À partir des données, les chercheurs ont identifié 105 produits alimentaires les plus vendus sous la bannière Philip Morris et RJ Reynolds de 1988 à 2001. Cette analyse a révélé que les produits des marques associées au tabac étaient 80 % plus susceptibles de contenir des combinaisons intenses de glucides et de sodium. ce qui les rend très savoureux. De plus, ces marques étaient 29 % plus susceptibles de posséder de puissants mélanges de graisses et de sodium.
Ashley Gearhardt, professeur de psychologie à l'Université du Michigan et spécialisée dans les addictions alimentaires, estime que ces aliments hyper-appétissants s'apparentent à des substances addictives en termes de composition et d'effet. Ils sont dérivés d'ingrédients naturels mais subissent une série de processus pour amplifier leur impact sur les centres de récompense de notre cerveau.
Soulignant cela, Gearhardt note : « Chaque substance addictive est une version modifiée et raffinée de son homologue naturel, intensifiant ses propriétés enrichissantes. De même, les aliments hyper-appétissants ne sont pas purement naturels ; ils sont le fruit de l'industrie du tabac. »
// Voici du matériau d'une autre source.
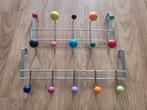Twee kleurrijke deurhangers / kapstokken, Huis en Inrichting, Woonaccessoires | Kapstokken, Ophalen, Gebruikt, Overige typen, Minder dan 100 cm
L'article poursuit en décrivant l'entrée de l'industrie du tabac dans le secteur alimentaire au cours des années 1960. Tirant parti de leurs connaissances approfondies des arômes et des additifs utilisés dans les cigarettes, ces entreprises se sont aventurées dans les aliments transformés, amplifiant les arômes pour accroître la dépendance. Un exemple est l'acquisition et la transformation par RJR de Hawaiian Punch d'un mélangeur à cocktails à une boisson pour enfants, en tirant parti d'études de marché et d'une publicité intelligente.
De même, lorsque RJR a acquis Nabisco en 1985, ils ont lancé plusieurs nouveaux produits, Teddy Grahams devenant un succès instantané, se classant rapidement au troisième rang des ventes de biscuits, derrière Chips Ahoy et Oreo.
Philip Morris a également élargi son portefeuille alimentaire après avoir acquis Kraft et General Foods dans les années 1980. Ils ont utilisé la stratégie marketing des « extensions de gamme », précédemment appliquée aux cigarettes, pour créer une vaste gamme d'options alimentaires hyper savoureuses. Les exemples incluent diverses saveurs Kool-Aid et l'introduction des Lunchables en 1988, un produit qui est devenu une représentation emblématique des aliments transformés malgré sa valeur nutritionnelle discutable.
Au tournant du millénaire, alors que les procès liés au tabac se multipliaient, les répercussions juridiques potentielles des aliments transformés sont devenues évidentes pour Philip Morris. Le livre de Michael Moss "Salt Sugar Fat" raconte comment un cadre supérieur de Kraft a exprimé ses inquiétudes concernant certains produits alimentaires provoquant des comportements alimentaires compulsifs.
En conclusion, même si ces compagnies de tabac se sont retirées du secteur alimentaire, leur influence est indéniable. Les recherches de Fazzino soulignent qu'en 2018, la disparité entre les anciens aliments associés au tabac et les autres avait diminué. Toutefois, cela n’indique pas une tendance plus saine ; au contraire, d’autres marques ont probablement adopté des formules hyper savoureuses, égalisant ainsi les règles du jeu.